Determine the number of lines in the listing that include the string "BidCars"; the reply consists of that number only.

_Data records_:
+-------+

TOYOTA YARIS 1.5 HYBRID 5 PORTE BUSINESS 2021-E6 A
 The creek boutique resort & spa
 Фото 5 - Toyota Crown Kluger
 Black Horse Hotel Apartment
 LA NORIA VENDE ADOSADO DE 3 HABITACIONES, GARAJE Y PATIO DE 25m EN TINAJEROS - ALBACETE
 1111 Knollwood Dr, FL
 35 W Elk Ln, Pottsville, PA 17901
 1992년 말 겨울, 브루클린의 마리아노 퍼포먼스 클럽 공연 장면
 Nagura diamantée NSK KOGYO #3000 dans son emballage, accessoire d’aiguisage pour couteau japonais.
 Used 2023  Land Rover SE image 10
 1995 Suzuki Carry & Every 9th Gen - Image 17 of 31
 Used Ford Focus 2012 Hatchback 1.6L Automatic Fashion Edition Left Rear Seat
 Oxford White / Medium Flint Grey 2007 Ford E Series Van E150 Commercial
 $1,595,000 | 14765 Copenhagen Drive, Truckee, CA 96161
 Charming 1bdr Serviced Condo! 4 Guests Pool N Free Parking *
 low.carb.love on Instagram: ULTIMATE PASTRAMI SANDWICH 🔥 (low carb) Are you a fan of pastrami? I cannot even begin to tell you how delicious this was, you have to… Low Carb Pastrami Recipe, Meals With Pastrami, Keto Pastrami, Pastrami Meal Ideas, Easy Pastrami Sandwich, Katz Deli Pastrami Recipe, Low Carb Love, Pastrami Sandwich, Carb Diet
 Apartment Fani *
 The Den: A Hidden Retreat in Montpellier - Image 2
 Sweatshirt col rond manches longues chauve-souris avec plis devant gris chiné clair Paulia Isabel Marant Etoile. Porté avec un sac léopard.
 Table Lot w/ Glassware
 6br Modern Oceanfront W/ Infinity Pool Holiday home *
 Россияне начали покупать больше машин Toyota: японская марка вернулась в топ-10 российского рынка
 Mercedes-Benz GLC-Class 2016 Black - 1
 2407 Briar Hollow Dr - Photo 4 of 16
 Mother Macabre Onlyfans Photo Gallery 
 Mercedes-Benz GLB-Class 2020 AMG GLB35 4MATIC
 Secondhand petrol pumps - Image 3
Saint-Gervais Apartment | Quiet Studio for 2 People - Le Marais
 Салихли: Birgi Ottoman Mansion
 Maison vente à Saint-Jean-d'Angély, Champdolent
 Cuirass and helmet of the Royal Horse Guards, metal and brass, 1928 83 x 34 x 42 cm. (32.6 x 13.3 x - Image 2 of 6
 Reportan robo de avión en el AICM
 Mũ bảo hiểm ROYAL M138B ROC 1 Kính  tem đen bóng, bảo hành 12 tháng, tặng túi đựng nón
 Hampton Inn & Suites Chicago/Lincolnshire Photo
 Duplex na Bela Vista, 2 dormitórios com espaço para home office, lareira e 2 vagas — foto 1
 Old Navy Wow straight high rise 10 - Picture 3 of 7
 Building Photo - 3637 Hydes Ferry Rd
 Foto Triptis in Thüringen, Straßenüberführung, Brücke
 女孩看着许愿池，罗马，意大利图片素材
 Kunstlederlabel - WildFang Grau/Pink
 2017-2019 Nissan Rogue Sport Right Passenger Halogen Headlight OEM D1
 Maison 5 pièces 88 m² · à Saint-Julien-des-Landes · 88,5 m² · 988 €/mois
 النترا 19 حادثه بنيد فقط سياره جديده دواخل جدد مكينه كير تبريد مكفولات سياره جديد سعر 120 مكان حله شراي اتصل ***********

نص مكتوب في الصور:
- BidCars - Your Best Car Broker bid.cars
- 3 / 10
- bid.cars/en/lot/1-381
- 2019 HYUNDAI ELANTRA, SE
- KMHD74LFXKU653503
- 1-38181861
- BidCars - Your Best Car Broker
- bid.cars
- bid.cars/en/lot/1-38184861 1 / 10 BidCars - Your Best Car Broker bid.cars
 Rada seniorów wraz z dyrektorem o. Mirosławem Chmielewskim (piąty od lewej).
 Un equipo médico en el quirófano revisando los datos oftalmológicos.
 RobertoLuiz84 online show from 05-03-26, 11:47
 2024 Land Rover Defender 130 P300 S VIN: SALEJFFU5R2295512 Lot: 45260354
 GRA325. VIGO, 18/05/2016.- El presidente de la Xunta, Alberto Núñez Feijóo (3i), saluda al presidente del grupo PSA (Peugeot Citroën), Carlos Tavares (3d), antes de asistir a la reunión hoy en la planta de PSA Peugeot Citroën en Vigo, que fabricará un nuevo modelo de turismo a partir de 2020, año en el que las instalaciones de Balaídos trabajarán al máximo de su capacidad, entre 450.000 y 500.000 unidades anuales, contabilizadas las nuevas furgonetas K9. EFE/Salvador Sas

+-------+

_The completed task_:
3